Thursday, September 29, 2016

My Introduction

My name in Eric Richardson and I finally decided to get off my duff, or maybe on my duff since I am sitting here writing this post. My good friend Rob Rucker who was my professor at Arizona State University when I got my Masters Degree has encouraged me to write for a long time but being motivated enough to actually do it is something I have lacked. My brain is not devoid of thoughts and ideas and I'm hoping some of this internal noise may be of interest to others once externalized.

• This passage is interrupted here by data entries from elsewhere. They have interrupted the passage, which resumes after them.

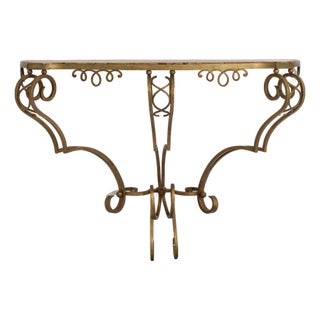 Art Deco Wrought Iron Console Table with Marble Top For Sale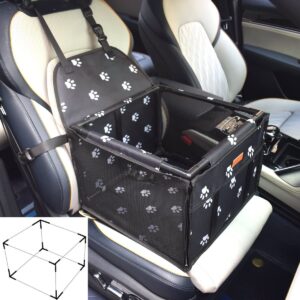 GoBuyer Waterproof Pet Dog Car Seat Booster Carrier with Seat Belt Harness and Headrest Strap for Puppy Ca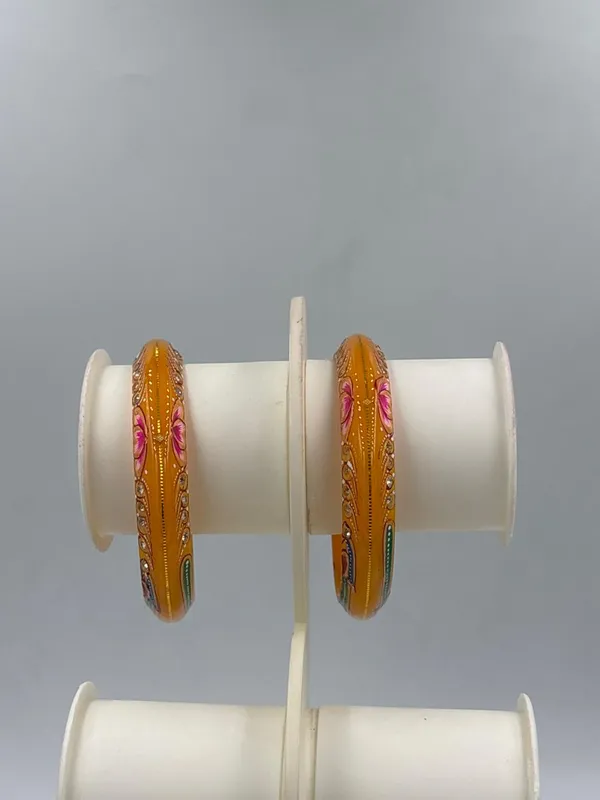 Mustard_Gold_Enamel_Floral_Bangle_Set_For_Women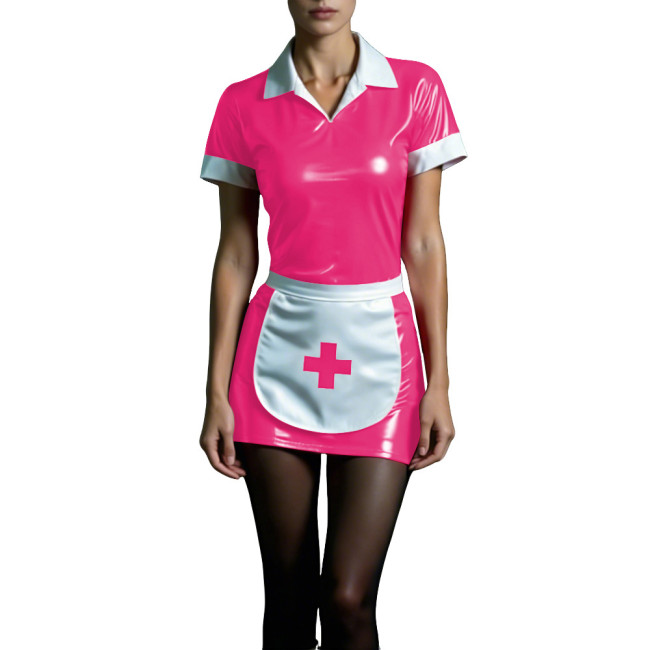 Shiny PVC Maid Nurse Dress with Apron Trun-down Collar Short Sleeve Bodycon Nurse Dress Sissy Wetlook French Cosplay Outfits 7XL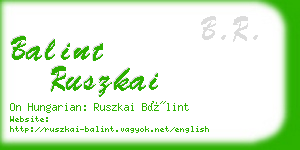 balint ruszkai business card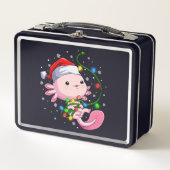 クリスマスアクソロトルサンタハットライト日本のかわいい メタルランチボックス (正面)
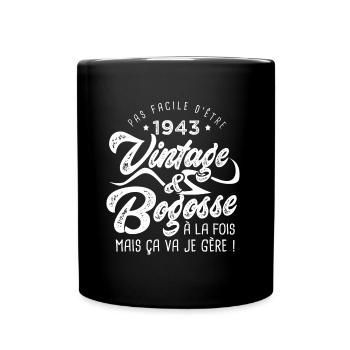 1943 Anniversaire vintage bogosse de 80 Ans - Mug uni - noir - Devant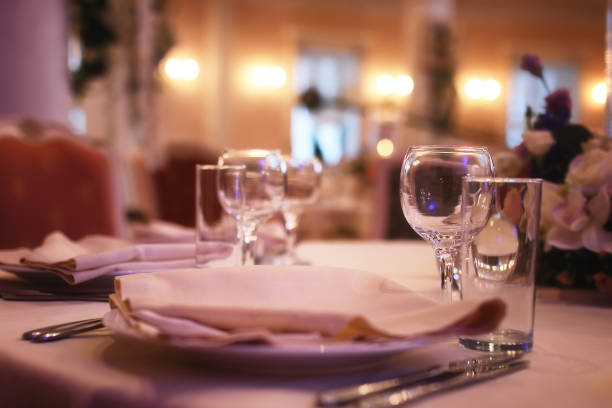 istock Glass wine glasses on the table served in the restaurant 851815520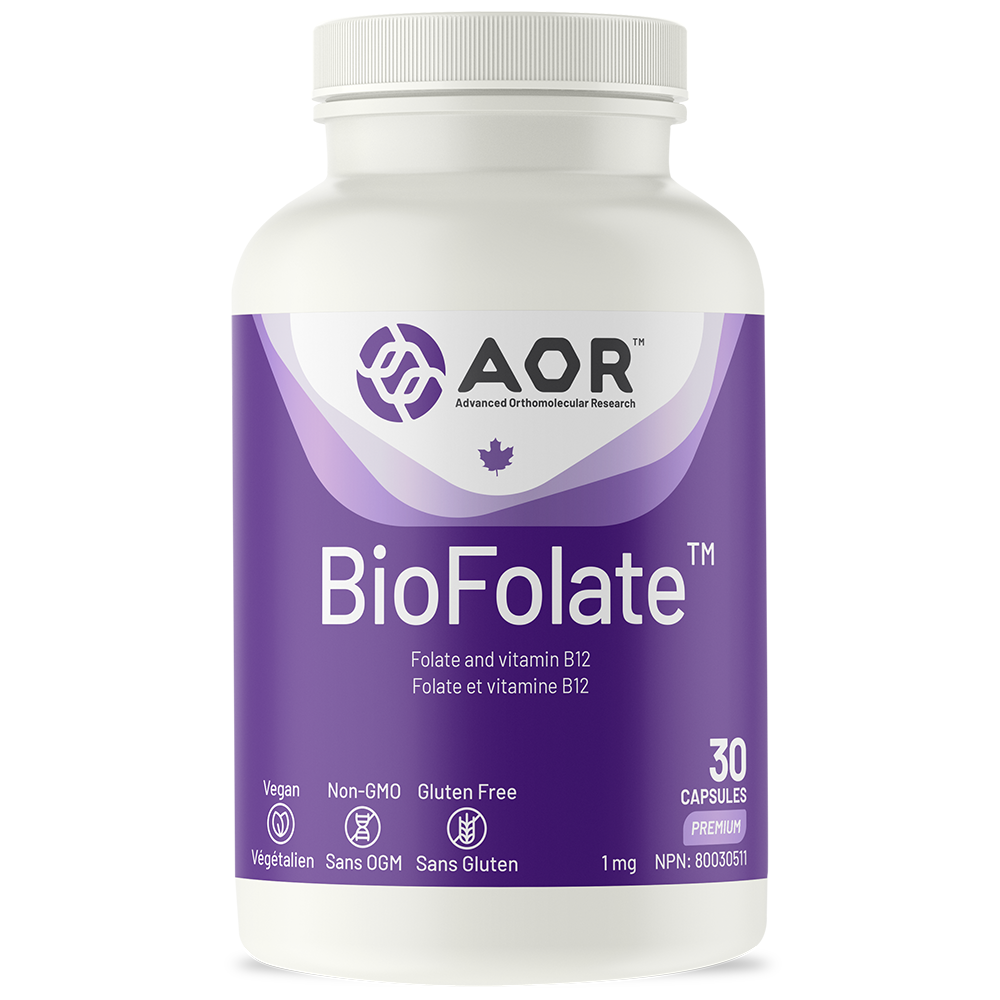AOR BioFolate supplement bottle on a white background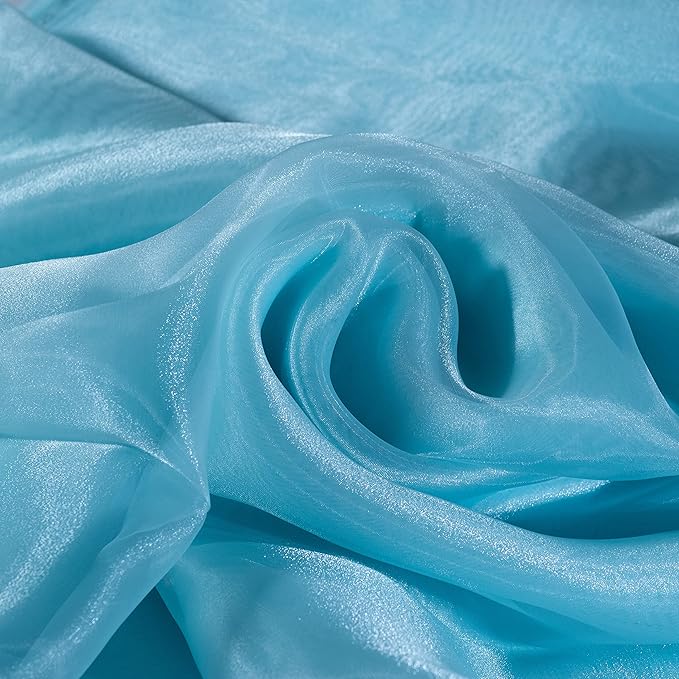 Fynite Organza Fabric | 10 Yards Long | 44" Wide | Bridal Solid Organza Bolt for Wedding Dress Fashion Craft Decorations - Silky Shiny Sheer - Light Blue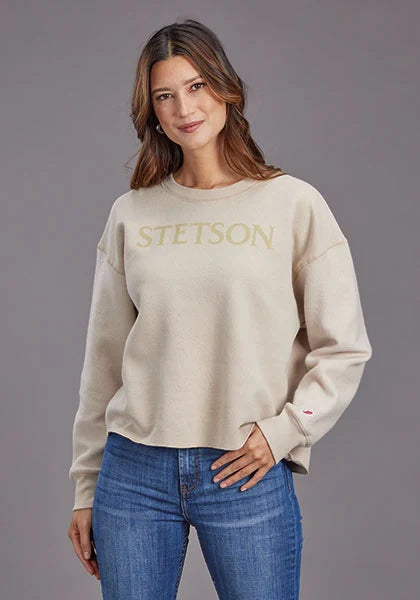 Stetson Yellow Logo (Beige) - Women's Hoodie Sweatshirt Beige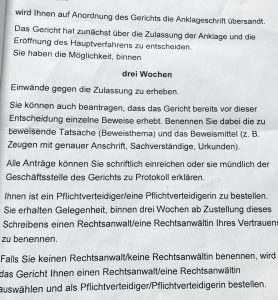 Anwalt BtM Kanzlei Louis & Michaelis in Essen Anklageschrift durch das Amts- oder Landgericht zugestellt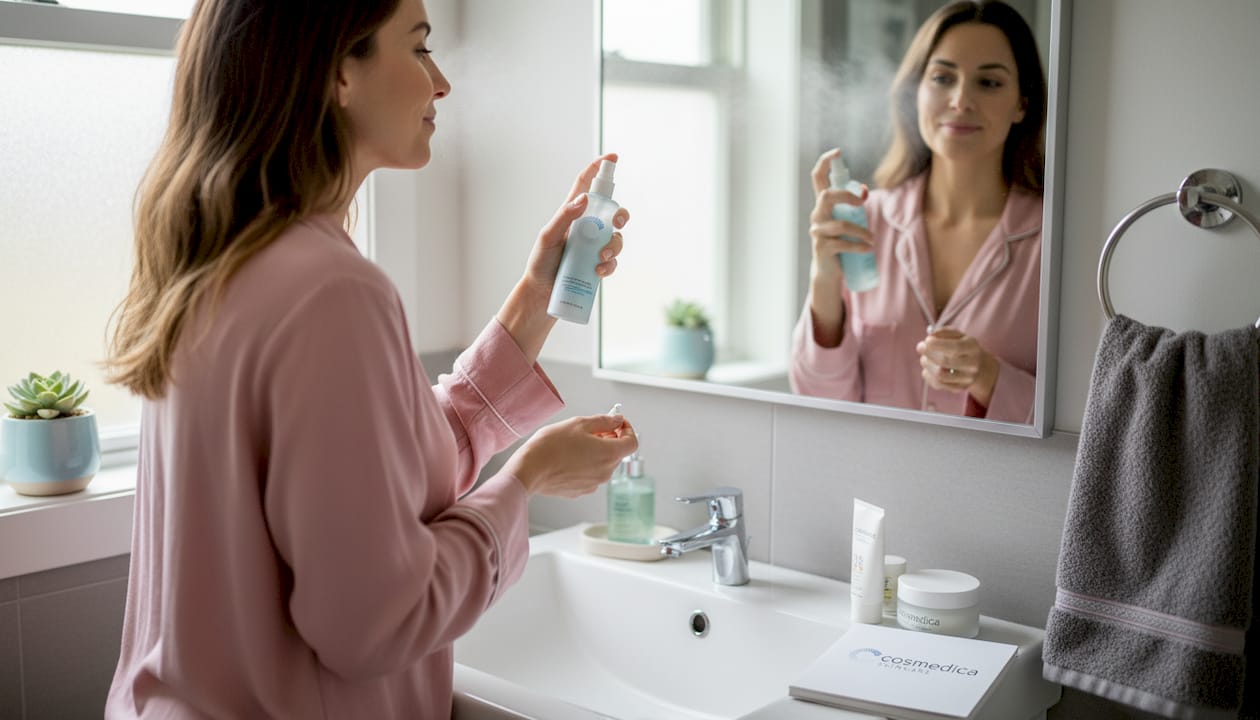 Woman applying facial spray in bright bathroom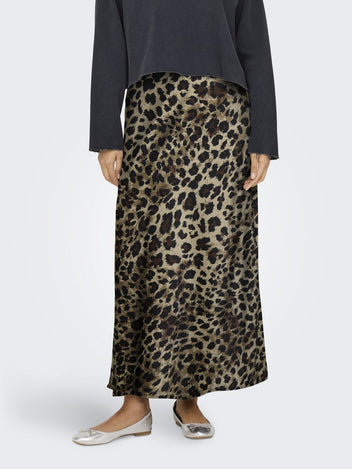 Φούστα μάξι σατέν ONLY 15333343 - Leopard - thefashionproject.gr - ONLY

I recently moved from Manhattan Beach, California where I lived with my wife and three beagles for 10 years to Traverse City, Michigan. I lived in TC from Junior High up through college where I graduated from Michigan Technological University with a degree in Metallurgical Engineering. Here in Michigan there are four seasons whereas in Southern California there was essentially one, sunny and mild. The Los Angeles area can be quite taxing with so many people, traffic, and one season leading to no down time. I spent a ton of time there riding and racing my bicycle which I really enjoyed but it was basically a part time job riding 10-12 hours a week, 8000 miles a year just to be marginally competitive. Seth Davidson has a very popular blog there entitled "Cycling in the South Bay" which is a very entertaining read. I miss riding with Seth and the other cycling nuts in the area.

On the work side of things, I have worked with Java since its very first "production" version, 1.0.2 in early 1996. It was really fun to see the new features come out over the years and play with them when they were brand new. After so many years doing Java I needed something new. I started playing with Scala in 2011 and went to Scala Days at Stanford with Rob when 2.8 was still the main version and 2.9 was just brand new. This year I got to do Scala full time on a Spark project. I had been wanting to work with Scala full time for quite a while so this was nice to put all my studying and playing around to good use. I really like Scala and the language and libraries are continuing to improve so it is a pretty exciting time for computing using Scala.